Commission française d'histoire militaire

 

Comte V.D.S.G. 

 

Abrégé de la théorie militaire 

 

Auguste Majesté

 

Un zèle peut-être trop ardent me conduit jusqu’au Trône de Votre Majesté, pour lui offrir très humblement cet Abrégé de la Théorie Militaire.

Je sais combien mes efforts sont téméraires ; mais j’espère que la clémence de Votre Majesté pardonnera la té­mérité d’un vol aussi rapide, et qu’elle daignera regarder gracieusement un ouvrage composé pour le bien du Service.

Il est un temps calme qui succède à la tempête, où l’étude doit tenir lieu d’action ; elle unit l’adresse avec la force, en apprenant aux Militaires zélés à cultiver les lau­riers qui croissent dans les champs de Mars, et à se rendre dignes des grâces de leurs Augustes Souverains.

Parmi les grandes qualités que l’Europe attentive dé­couvre en la personne de Votre Auguste Majesté, elle aper­çoit une inclination martiale qui fait la sûreté de ses sujets et promet un règne glorieux.

Peut-on moins attendre d’un Prince, issu d’un sang fé­cond en Héros, qui fait l’ornement et l’amiration de ce siècle, et dont les occupations journalières sont d’écouter ses Peu­ples et de les rendre heureux. Sensibles encore à la perte récente qu’ils viennent de faire, ils n’ouvrent les yeux que pour admirer en Votre Majesté les vertus qui ont caractérisé ses Augustes Ancêtres.

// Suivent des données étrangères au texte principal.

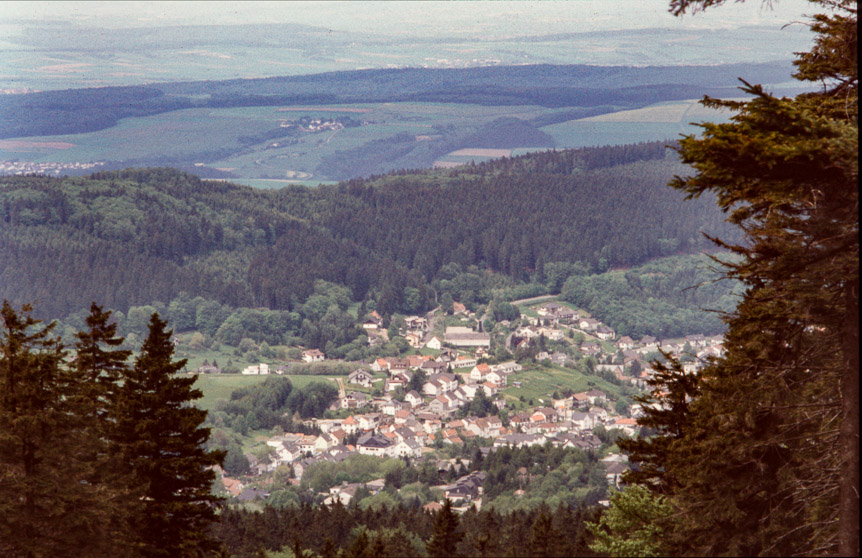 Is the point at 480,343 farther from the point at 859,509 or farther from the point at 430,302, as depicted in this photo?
the point at 859,509

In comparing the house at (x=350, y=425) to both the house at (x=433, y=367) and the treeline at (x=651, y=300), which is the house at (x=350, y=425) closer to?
the house at (x=433, y=367)

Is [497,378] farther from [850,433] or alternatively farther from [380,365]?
[850,433]

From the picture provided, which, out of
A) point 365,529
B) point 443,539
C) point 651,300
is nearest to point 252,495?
point 365,529

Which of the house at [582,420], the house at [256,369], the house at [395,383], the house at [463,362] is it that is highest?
the house at [582,420]

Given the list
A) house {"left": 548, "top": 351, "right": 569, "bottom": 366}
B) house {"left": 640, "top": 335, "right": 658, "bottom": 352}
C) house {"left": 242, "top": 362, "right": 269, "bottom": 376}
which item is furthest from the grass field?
house {"left": 242, "top": 362, "right": 269, "bottom": 376}

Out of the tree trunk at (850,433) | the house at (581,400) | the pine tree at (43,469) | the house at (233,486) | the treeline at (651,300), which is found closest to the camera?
the tree trunk at (850,433)

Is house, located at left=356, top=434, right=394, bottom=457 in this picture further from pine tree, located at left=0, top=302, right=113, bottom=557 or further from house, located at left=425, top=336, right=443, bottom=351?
pine tree, located at left=0, top=302, right=113, bottom=557

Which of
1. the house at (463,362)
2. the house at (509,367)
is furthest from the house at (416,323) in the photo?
the house at (509,367) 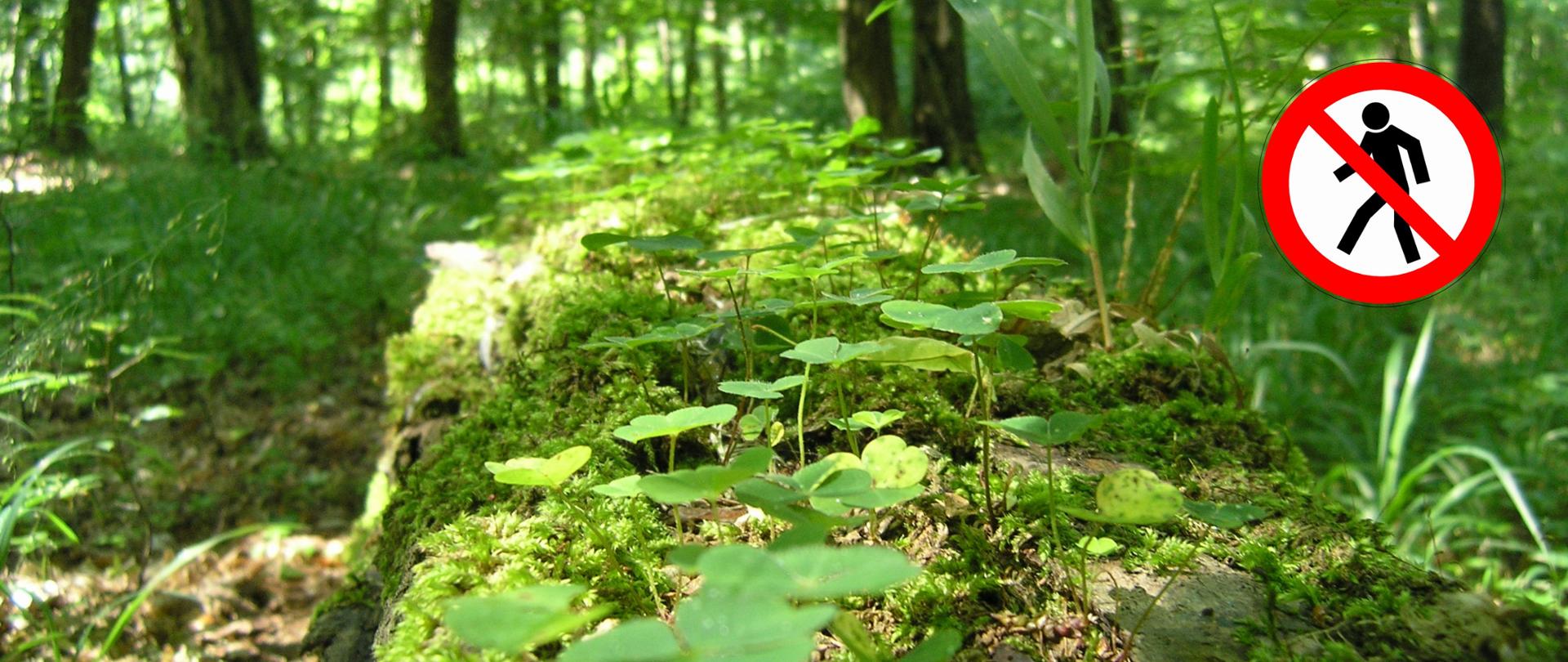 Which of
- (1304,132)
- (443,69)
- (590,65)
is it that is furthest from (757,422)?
(590,65)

Leurs soupirs deviennent des vœux pour la gloire d’un règne qui leur est précieux : plaise au Ciel de les bénir, et de faire renaître le siècle d’Auguste et de Trajan sous les auspi­ces de Votre Majesté.


 

Avant-propos

 

 

J’ai été témoin de l’avidité avec laquelle plusieurs Of­ficiers, par un désir louable de s’instruire, ont recherché la première édition d’un livre qui a paru à Dresde, intitulé Ins­truction du Roi de Prusse pour ses Généraux. J’ai admiré cette curiosité qui découvrait en eux un penchant pour les connaissances qui leur sont propres, dans un temps où le bruit des armes et les occupations de la Campagne sem­blaient devoir les détourner d’une étude sérieuse. Les ré­flexions que j’ai faites là-dessus, m’ont porté à détailler plus amplement ces maximes de Guerre, de les expliquer et de les mettre à portée d’être comprises par de jeunes Officiers, que l’expérience n’éclaire pas encore assez pour pouvoir appro­fondir ces matières.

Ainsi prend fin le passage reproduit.